Texas Governor’s Executive Order
On October 11, 2021,Texas Governor Greg Abbott issued Executive Order (EO) GA-40
which states that “no entity in Texas can compel receipt of a COVID-19 vaccination by any individual, including an employee or consumer, who objects to such vaccination for any reason of personal conscience, based on a religious belief, or for medical reasons, including prior recovery from COVID-19.”
It is worth noting that EO GA-40 does not prohibit employer vaccine mandates. Rather, it broadens the criteria for exemption to such an extent that the employer is unable to compel vaccination. Prior to the EO, an employee in Texas could only be exempted from an employer’s vaccine mandate through a medical or religious accommodation. Under EO GA-40, the employer must grant an exemption if the employee objects to vaccination for a reason of personal conscience, religious belief, or medical reason which now includes prior recovery from COVID-19.
Conflict with the Biden Administration’s Executive Order
The Governor’s EO does not exclude entities that are subject to the Biden Administration’s EO 14042, issued on September 9, 2021, which requires employees of the Federal government as well as Federal Contractors and Subcontractors to be vaccinated against COVID-19. Nor did EO GA-40 address companies in the healthcare sector that are subject to vaccine requirements issued by the Centers for Medicare and Medicaid Services (CMS). The Federal EO 14042 specifically states that the order supersedes any state regulation. If you are unsure which EO to follow, we encourage you to consult with legal counsel to determine the best course of action.
Vaccine Mandates for Private Employers of 100 or More Employees
Also included in EO 14042 is a directive to the Occupational Safety and Health Administration (OSHA)
to develop a new Emergency Temporary Standard (ETS) directing all private employers in the United States with 100 or more employees to impose a vaccine mandate on their workforce. The ETS would also allow regular testing as an alternative to vaccination.

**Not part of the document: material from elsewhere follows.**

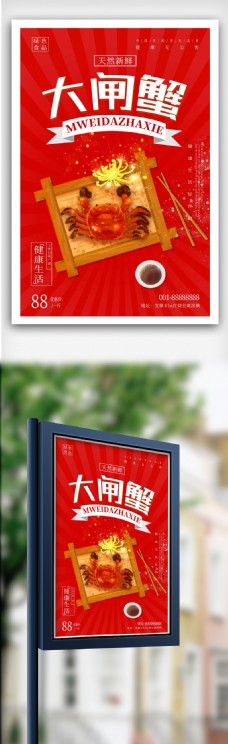 大闸蟹宣传单中国风美味海鲜大闸蟹餐饮美食海鲜海报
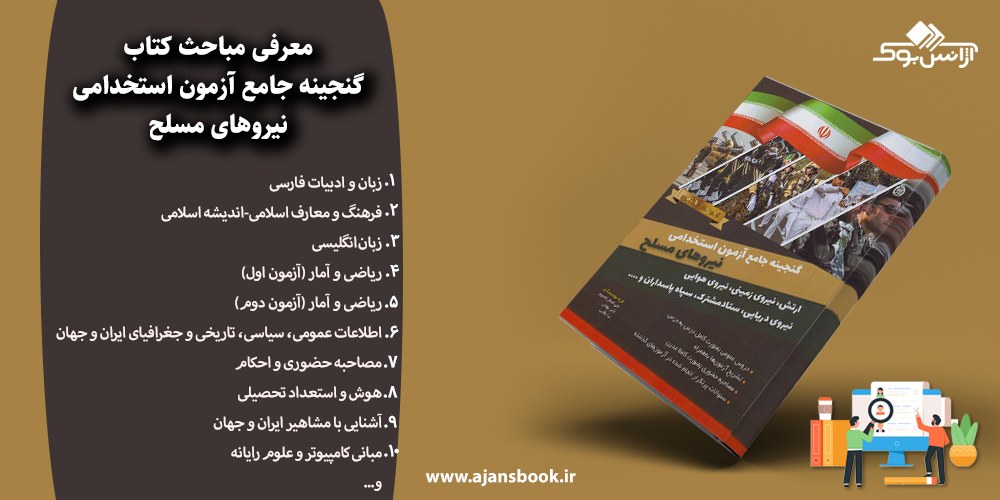 گنجینه جامع آزمون استخدامی نیروهای مسلح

Although the ETS has not yet been issued, a draft was sent to the White House for review on October 13, 2021. It is expected that the order will be published and go into effect around the end of October 2021. At that time, the OSHA ETS will directly conflict with EO GA-40.
Numerous States Attorney General are already preparing challenges to OSHA’s ETS as soon as it is issued. Legal challenges are likely to slow down, and perhaps halt, implementation of the ETS. The Texas EO GA-40 also faces potential legal challenges but is expected to be codified into law in a future special session of the Texas State Legislature. That law will likely clarify areas of ambiguity or contradictions with Federal laws and agency mandates.
Unless you are a Federal Contractor or Subcontractor, you should adhere to EO GA-40 and implement the required exemptions.
If you are a Federal Contractor or Subcontractor, you are not required to implement a mandatory COVID-19 vaccination program until an existing contract is updated with the appropriate clause or you accept a new contract after October 15 that contains the vaccine mandate requirement. An existing contract can only be updated through a bilateral agreement, so you will not be required to implement a vaccine mandate without your prior acknowledgement and consent. If you’re unsure which EO to follow, seek legal counsel.
When the OSHA ETS is issued, expect legal challenges, but you should still begin preparations for compliance. This includes surveying your employees to obtain the vaccination status of your workforce to prepare for the logistics of implementing a vaccine mandate, as well as forecast and prepare for potential business disruptions due to loss of employees that refuse the vaccine.
Perhaps most importantly, remain flexible. Every law, executive order, and agency mandate is subject to lawsuits and injunctions. Expect the tumultuous legal landscape to continue through the final quarter of this year and into 2022. The road ahead promises to be full of twists and turns and may even be a bit harrowing at times. Just remember that if you’re calm, your employees will be calm.